This might also explain why Cook's wife, Elizabeth, burned all his letters to her - maybe she got the hump!

Just a thought.

John T.

28th March 2008, 05:27
John, I also watched the recent TV doco on Cook and felt dissatisfied with the commentary. I did not know that Collingridge also wrote a book - so that is something else to chase up. I had heard about the syphilis theory but not much written about this. It is certainly an explanation for his behaviour.

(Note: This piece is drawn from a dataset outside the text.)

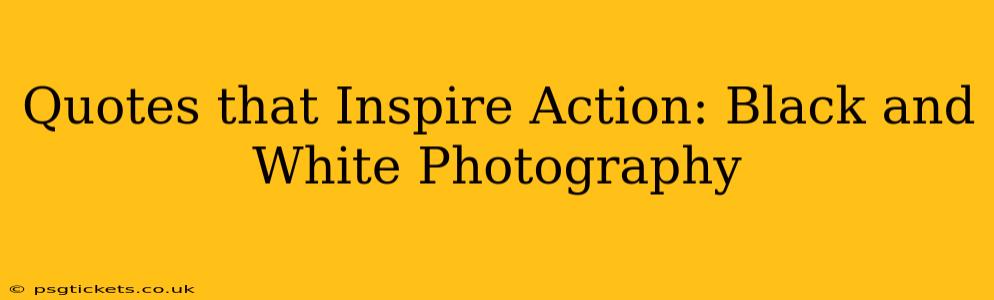 Quotes that Inspire Action: Black and White Photography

Now if Cook caught it did Joseph Banks get a dose as well?

28th March 2008, 12:36
I have not long finished reading “The Trial of the Cannibal Dog” by Anne Salmon which centres on the three Pacific voyages of Captain James Cook and with emphasis on Cook and his crew’s relationship with the people of the various Pacific Islands.
Salmon is an NZ anthropologist and historian whom has majored in studies of early European and Pacific Islander’s relationships and her book offers a different perspective to this great man’s history.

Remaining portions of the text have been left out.